# Should I go ahead and get this?



## jennaisrad (Jun 19, 2011)

http://www.petsmart.com/product/index.jsp?productId=2752837&f=PAD/psNotAvailInUS/No

Seems like a pretty sweet deal, especially with free shipping... my current cage is the biggest pain to clean... but it was free. Dexy likes to go to every single level in her cage (and poop on each one, of course) so I definitely want something with lots of room for exploration (and mealworm hiding).

Hoping this will be big enough to actually attempt to litter train my lil lady... Should I put her wheel and a litter box on the very bottom? On the second level?


----------



## Annie&Tibbers (Apr 16, 2013)

Alas, the link doesn't work from Canada. PetSmart is like that sometimes; denying us even the hint of things to be jealous about! What's the name of the cage setup? And it sounds like you already know he likes going between levels, so a multi-level cage isn't as risky a setup? (Some hedgehogs refuse to ever explore past the ground level.)


----------



## sklock65 (Jan 9, 2013)

I'm having trouble with the link as well, although I'm in the US. It seems to direct to a general search rather than whatever item you were trying to ask about. If you have the name of the product we can google it and tell you our thoughts 

Sent from Petguide.com Free App


----------



## KylaMissa (Oct 29, 2013)

Oh wow that's a pretty great deal. I have a double critter nation that caused double that. I say grab it while you can!


----------



## SiouxzieKinz (Oct 10, 2013)

While the multi-level Ferret Nation cages are nice for ferrets, hedgehogs have poor eyesight. You will need to make sure to cordon off each level and have enclosed ladder-type fixtures (some people use something similar to dryer vent hose but DrsFosterandSmith sells them as does Ferret.Com). Also be aware that this type of cage will be more difficult to heat unless your entire home is kept at a warm temperature. 
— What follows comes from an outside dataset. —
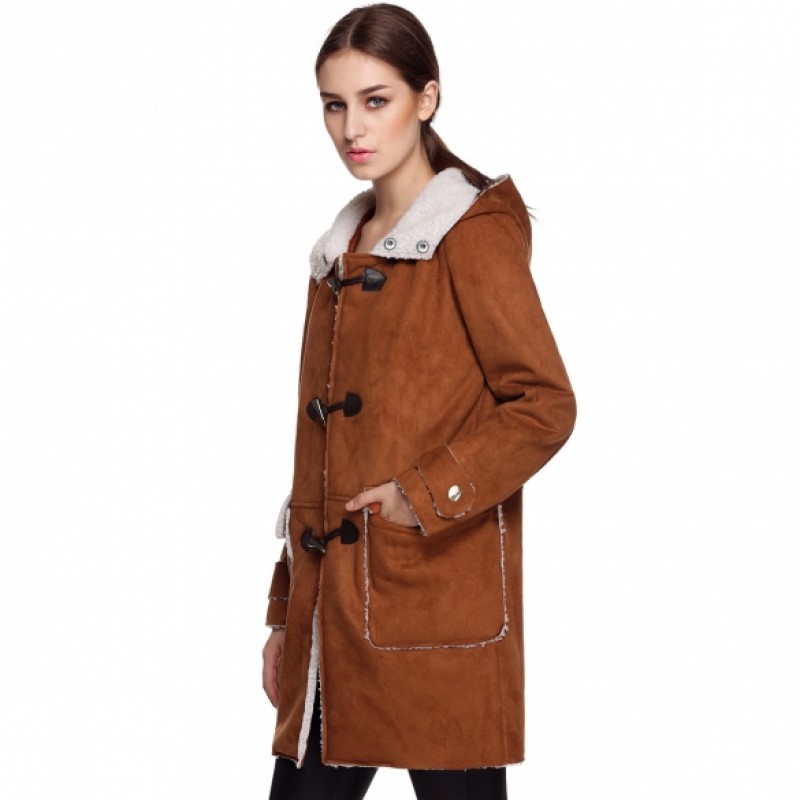 Women Hooded Loose Straight Long Solid Coat Jacket Outerwear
The ladders they provide with this cage are simply too dangerous for hedgehogs.

I hate to burst your bubble, but please be mindful of the safety of your little one. There is something positive about this cage, they sell a "privacy cover" which is nice. I used to cover my ferret's cage at night so they would get total darkness.

Single-level cages are preferred unless you are willing to put in the extra time and money for modification. Good luck cage hunting.
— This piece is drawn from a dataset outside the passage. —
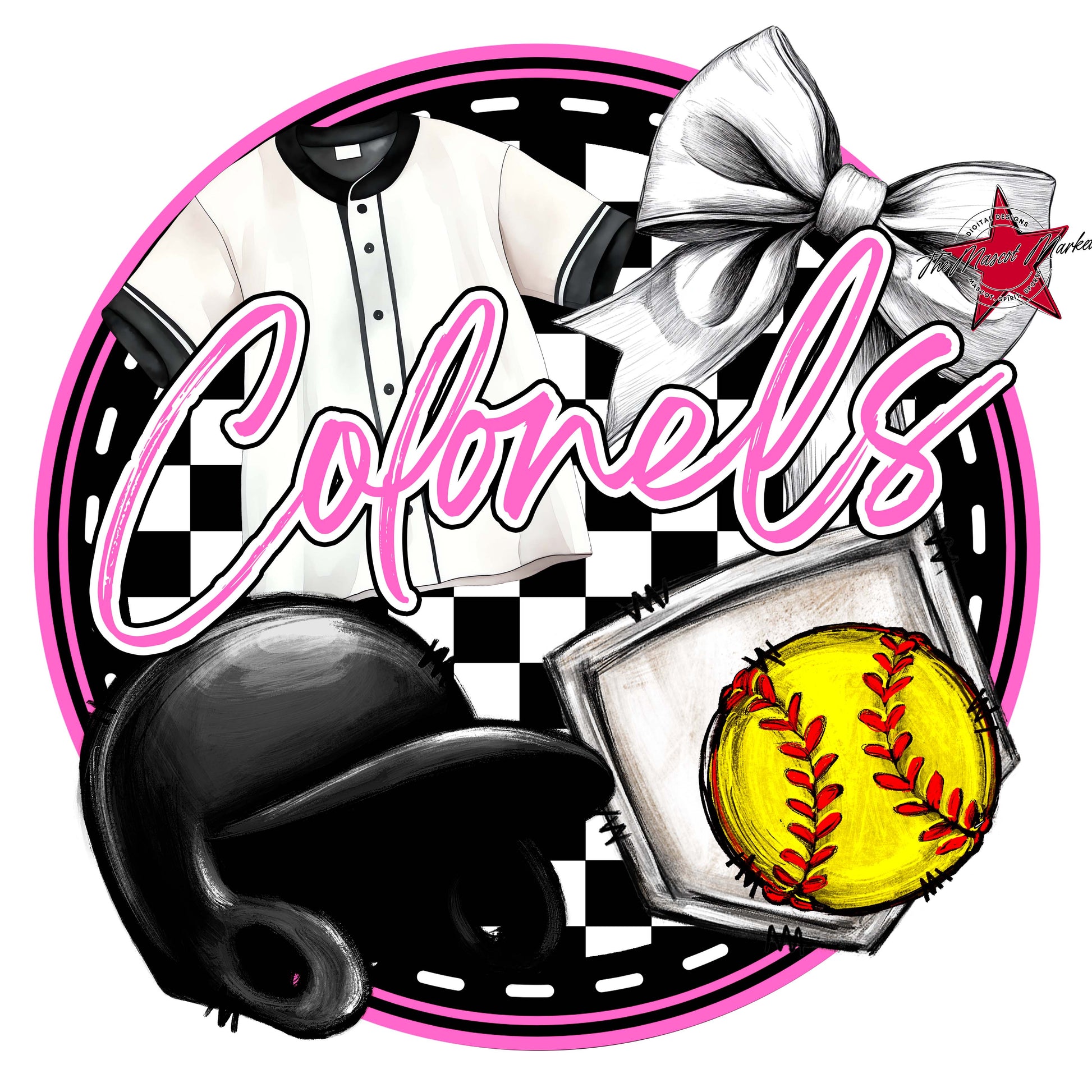Colonels Circle Softball Frame-Baby Pink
And . . . your hedgie - she's really pretty!


----------



## KylaMissa (Oct 29, 2013)

A double is the same as two singles. The levels can be completely sealed off. I have a double critter nation and use it as two separate cages. You'll just need to order a second bottom level pan for the top and it's perfectly fine. It's not expensive and can be ordered with the cage so they come in at the same time.


----------



## jennaisrad (Jun 19, 2011)

I will definitely be putting barriers around the levels, already got that covered in my current cage, and I have barriers on the ramps. From most of the reviews I've read these come with ramp covers as to save their little feet from the ramps, but I will probably look into some sort of tunnel type thing. 

As far as heating goes, this is actually my first winter in my new place so I will have to get something to heat her cage. The house I lived in before was always pretty comfortable, never had any issues with temperature for her. I'll have to invest in a couple CHE's but I'm thinking that won't be too much work.
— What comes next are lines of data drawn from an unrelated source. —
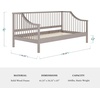 image:imageMartha Stewart Neely Platform Daybed with Wood Spindles Solid Wood Frame No Box Spring Needed Twin Size BlackGrey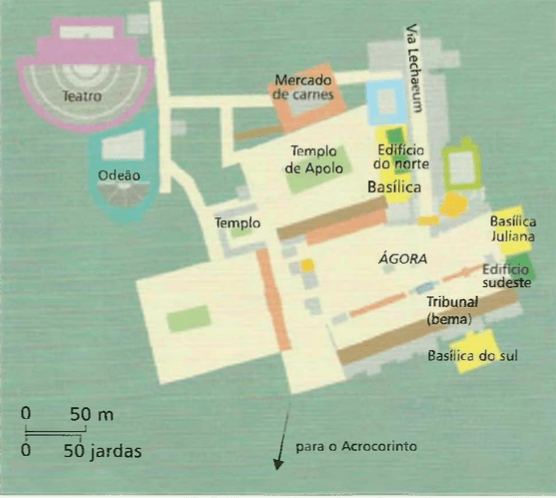 Planta urbana de Corinto No tempo de Paulo, Corinto era uma cidade portuária cosmopolita e capital da província romana da Acaia.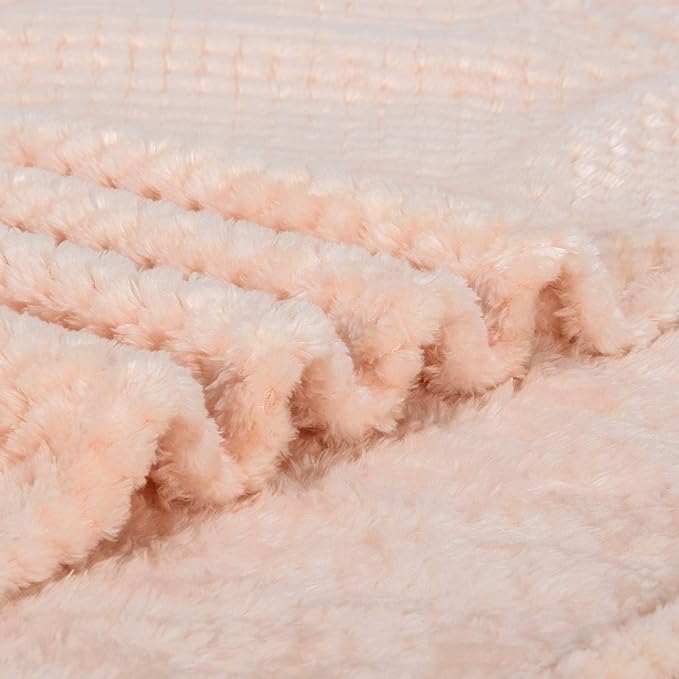 Fuzzy Blanket or Fluffy Blanket for Baby, Soft Warm Cozy Coral Fleece Toddler, Infant or Newborn Receiving Blanket for Crib, Stroller, Travel, Decorative (28Wx40L, XS-Peach)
This will actually be her fourth cage in two years; I want her to have more space since she doesn't get as much free roaming time in her playpen as she did when I only worked one job. She loves to explore, I'm hoping with a big cage I can change things up for her more often. I also want to be able to fit her dig box in there, she can't get enough of it. 

Like I mentioned, I got her current cage for free and I HATE IT. The only good thing is that there is way more space than her previous cages. It's just a beast to keep clean and rearrange. I like the wide opening doors on the Ferret Nation and I REALLY like the price, might have to spend my Chicago money on this before they make it too expensive.


----------



## akane (Jan 2, 2013)

I have FNs for my chins and I was thinking of FNs or critter nations (smaller wire spacing, more vertical wires, slightly bigger space). I wasn't going to give them levels though. In fact I thought about putting a full length divider where that shelf is and making each FN or CN level hold 2 hedgehogs. I have 12 plus hoglets though and I'm looking for a good way to get them out of bins and house them well in a given space. I found some 9" wheels that would fit although the small size does cause a few problems for big hedgies. One wall does have cages with a 30" depth and various width which fit the bigger hedgies and their full size carolina storm wheels.


----------